Is there any component that I can use, or maybe a piece of java code that works on 4.0.0 version of Talend? Please help!
Community Manager

Re: Converting RTF to plain text using Talend 4.0.0

Hello
Read the source records as a string, and then use tExtractRegexField to extract fields with regex. eg:
tMssqlInput--row1--tExtractRegexField --tMssqlOutput
Best regards
Shong
----------------------------------------------------------
Talend | Data Agility for Modern Business
One Star

Re: Converting RTF to plain text using Talend 4.0.0

Hi , i am stuck with the same problem, can you please expalin how can we use the textractRegex component, what should be the regex pattern string?
One Star

Re: Converting RTF to plain text using Talend 4.0.0

Hi, please update, what should be the REGEX string , i tried a few stings from the web, but they are not foolproof and fails for a few input rtf strings.
(reference: https://tinyurl.com/rtf-txt)
Community Manager

Re: Converting RTF to plain text using Talend 4.0.0

Hi Shree
First of all, I would suggest you to learn the basic usage of tExtractRegexField component.
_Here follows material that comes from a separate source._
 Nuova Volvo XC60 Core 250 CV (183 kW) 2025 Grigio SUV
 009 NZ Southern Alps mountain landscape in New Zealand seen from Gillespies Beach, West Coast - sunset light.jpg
If you have trouble to extract the value with regex from the input string, please give us an example of your data, and what are your expected output?
Shong
----------------------------------------------------------
Talend | Data Agility for Modern Business
One Star

Re: Converting RTF to plain text using Talend 4.0.0

Hi all,
I am looking for the regex also in order to convert string RTF to string plain text with tExtractRgexFields. Did you find it?
Thank you,